## [Assigned task]
Your answer should be every line of the entries that has the string "Premium" in it.

(Beginning of Records to use)

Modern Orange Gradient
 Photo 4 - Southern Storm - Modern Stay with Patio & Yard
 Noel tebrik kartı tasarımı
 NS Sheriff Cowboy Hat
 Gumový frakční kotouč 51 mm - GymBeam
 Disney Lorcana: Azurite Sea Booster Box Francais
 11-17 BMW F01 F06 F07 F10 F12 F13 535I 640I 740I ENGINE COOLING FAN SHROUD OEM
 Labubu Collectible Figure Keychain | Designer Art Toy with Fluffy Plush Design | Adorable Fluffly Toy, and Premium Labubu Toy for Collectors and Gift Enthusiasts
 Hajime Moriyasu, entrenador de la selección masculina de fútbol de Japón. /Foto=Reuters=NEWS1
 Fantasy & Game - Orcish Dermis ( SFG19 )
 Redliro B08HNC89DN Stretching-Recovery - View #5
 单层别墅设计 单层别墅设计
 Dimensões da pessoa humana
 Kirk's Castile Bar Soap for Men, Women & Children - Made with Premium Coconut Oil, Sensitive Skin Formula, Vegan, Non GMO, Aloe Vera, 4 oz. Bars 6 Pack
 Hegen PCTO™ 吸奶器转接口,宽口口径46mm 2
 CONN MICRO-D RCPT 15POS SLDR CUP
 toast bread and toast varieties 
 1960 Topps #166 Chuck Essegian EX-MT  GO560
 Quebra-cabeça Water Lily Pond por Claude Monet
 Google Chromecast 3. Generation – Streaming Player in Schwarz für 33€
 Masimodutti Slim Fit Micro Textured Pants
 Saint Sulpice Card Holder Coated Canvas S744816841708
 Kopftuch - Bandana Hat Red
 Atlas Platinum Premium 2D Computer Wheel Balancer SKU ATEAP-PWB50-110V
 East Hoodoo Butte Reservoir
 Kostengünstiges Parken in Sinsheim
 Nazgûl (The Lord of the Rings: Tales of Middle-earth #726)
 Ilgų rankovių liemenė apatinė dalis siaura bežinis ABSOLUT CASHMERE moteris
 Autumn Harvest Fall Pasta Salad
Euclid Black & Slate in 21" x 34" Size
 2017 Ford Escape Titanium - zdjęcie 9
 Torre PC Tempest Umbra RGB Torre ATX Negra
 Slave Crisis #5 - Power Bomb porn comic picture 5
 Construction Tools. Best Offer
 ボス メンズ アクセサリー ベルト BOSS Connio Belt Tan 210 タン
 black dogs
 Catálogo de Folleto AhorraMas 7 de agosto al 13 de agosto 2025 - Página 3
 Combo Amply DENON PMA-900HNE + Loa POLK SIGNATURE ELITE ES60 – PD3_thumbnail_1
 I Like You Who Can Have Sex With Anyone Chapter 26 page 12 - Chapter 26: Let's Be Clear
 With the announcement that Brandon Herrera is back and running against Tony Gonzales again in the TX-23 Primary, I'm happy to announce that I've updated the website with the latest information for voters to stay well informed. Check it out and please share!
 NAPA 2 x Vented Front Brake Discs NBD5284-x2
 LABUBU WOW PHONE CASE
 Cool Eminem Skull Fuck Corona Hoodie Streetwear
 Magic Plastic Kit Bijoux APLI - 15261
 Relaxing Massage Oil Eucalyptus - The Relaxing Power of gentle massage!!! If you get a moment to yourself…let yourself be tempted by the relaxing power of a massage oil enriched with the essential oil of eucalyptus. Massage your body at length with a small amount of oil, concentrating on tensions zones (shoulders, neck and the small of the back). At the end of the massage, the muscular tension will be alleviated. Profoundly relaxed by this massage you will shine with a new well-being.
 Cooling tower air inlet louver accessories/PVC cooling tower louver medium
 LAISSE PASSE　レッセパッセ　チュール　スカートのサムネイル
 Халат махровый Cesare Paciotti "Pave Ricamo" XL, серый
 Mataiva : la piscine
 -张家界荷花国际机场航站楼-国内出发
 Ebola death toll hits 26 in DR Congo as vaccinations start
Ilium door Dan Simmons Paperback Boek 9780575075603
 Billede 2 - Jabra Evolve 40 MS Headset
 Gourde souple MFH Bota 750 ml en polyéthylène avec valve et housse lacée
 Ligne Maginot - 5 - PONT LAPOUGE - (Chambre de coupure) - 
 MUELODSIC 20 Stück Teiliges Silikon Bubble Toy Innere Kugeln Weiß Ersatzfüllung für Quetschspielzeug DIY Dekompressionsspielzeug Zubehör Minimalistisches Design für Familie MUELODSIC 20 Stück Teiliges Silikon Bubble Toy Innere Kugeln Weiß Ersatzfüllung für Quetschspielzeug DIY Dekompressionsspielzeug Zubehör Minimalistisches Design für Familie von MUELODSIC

(End of Records to use)

## [Response to this exercise]
 Labubu Collectible Figure Keychain | Designer Art Toy with Fluffy Plush Design | Adorable Fluffly Toy, and Premium Labubu Toy for Collectors and Gift Enthusiasts
 Kirk's Castile Bar Soap for Men, Women & Children - Made with Premium Coconut Oil, Sensitive Skin Formula, Vegan, Non GMO, Aloe Vera, 4 oz. Bars 6 Pack
 Atlas Platinum Premium 2D Computer Wheel Balancer SKU ATEAP-PWB50-110V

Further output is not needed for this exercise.